The Rev. Alan Walker, former superintendent of the Wesley Mission, founded the first Lifeline Association in Sydney, Australia, thereby giving round-the-clock telephone counseling to deter suicides as far back as 1963. The service reached out to lonely, desperate, troubled and suffering individuals to offer effective help.
After two years of operation and training, the Sydney Lifeline was born, emerging quickly as a model to centers around the world. Australia, the United States and other countries shortly saw the need to establish similar "Lifeline Centers." Over 200 such hotline centers operate around the world today to help millions who ring up to seek help during their most critical moments.
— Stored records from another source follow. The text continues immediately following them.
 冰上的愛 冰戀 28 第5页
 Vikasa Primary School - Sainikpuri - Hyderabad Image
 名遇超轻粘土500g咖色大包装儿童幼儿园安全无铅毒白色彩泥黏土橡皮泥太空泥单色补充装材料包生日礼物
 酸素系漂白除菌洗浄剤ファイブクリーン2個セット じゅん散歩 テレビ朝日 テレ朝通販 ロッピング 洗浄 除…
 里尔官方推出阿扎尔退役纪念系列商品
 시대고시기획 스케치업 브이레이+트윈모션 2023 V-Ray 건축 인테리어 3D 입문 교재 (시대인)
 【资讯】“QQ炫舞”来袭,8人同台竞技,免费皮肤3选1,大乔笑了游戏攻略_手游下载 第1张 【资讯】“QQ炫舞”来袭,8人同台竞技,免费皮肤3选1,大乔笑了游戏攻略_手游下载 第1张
The big difference about the Taiwan Lifeline Association lies in the fact that it is not supported exclusively by those who believe in the ministry of word and deed in Christ's name. In fact, different church groups and many charitable organizations share the consensus that the meaningful service being rendered by Lifeline is necessary and worthy of their support and involvement.
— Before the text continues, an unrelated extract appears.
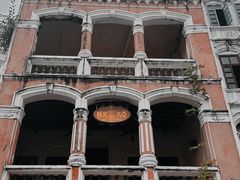 -海口骑楼老街历史文化街区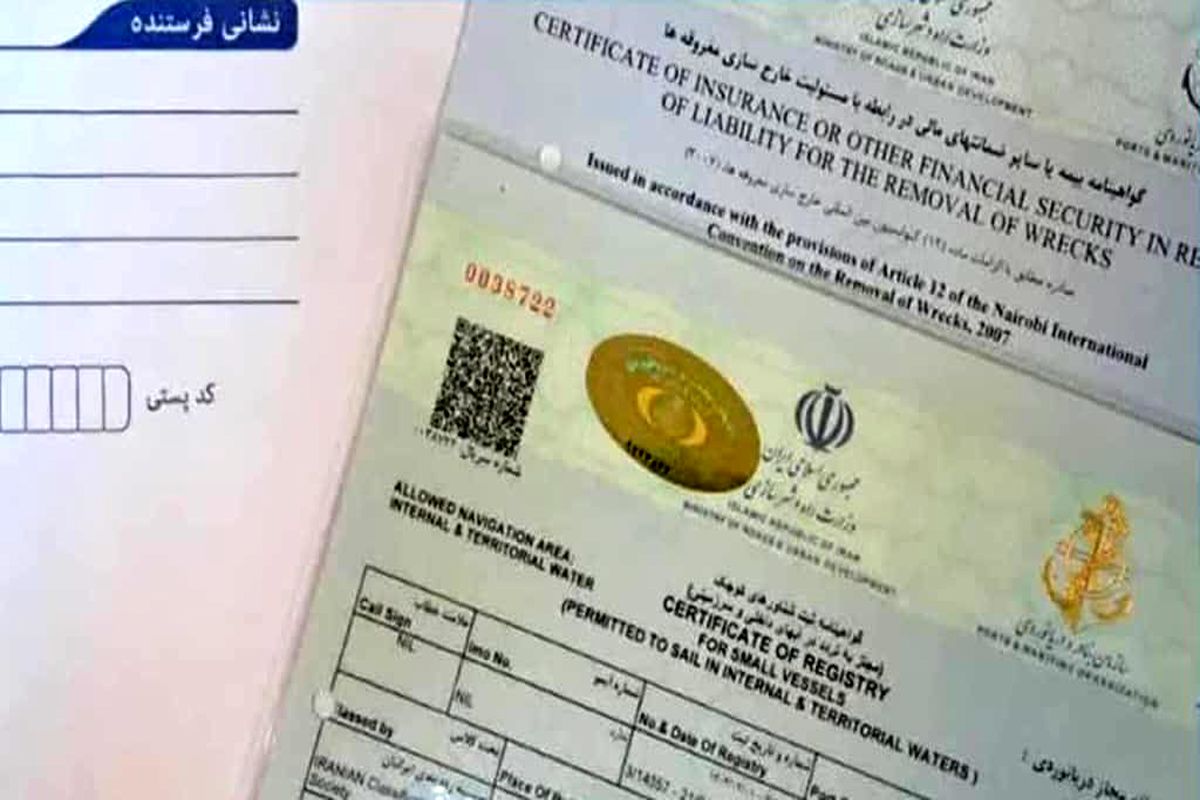 تفاهم نامه بنادر هرمزگان و اداره پست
The Taiwan Lifeline Association has effectively reached out, covering Taipei City, Taipei County, Taoyuan County, Hsinchu City, Hsinchu County, Miaoli County, Taichung City, Taichung County, Nantou County, Changhwa County, Yunlin County, Chiayi City, Chiayi County, Tainan City, Tainan County, Kaohsiung City, Kaohsiung County, Pingtung County, Taitung County, Hualien County, Yilan County, Keelung City and Penghu County through a total of 23 branches.
The "Teacher Chang" lifeline in Taiwan is another channel to which would-be suicides can turn for help and counseling.
The Taiwan Lifeline Association today has 6,000 members and about 4,000 volunteers. About 100,000 calls from troubled individuals are made each year to the 24-hour service. Seventy percent of the callers are women. Women tend to contemplate suicide more because they have less resources and more limited power. Under the circumstance of helplessness, they consider suicide as a way of reaching out for help or vengeance. Furthermore, women tend to suffer more from depressive disorder. Suicide ranks No. 3 among the top 10 causes of death for women in the 15 to 39 age bracket.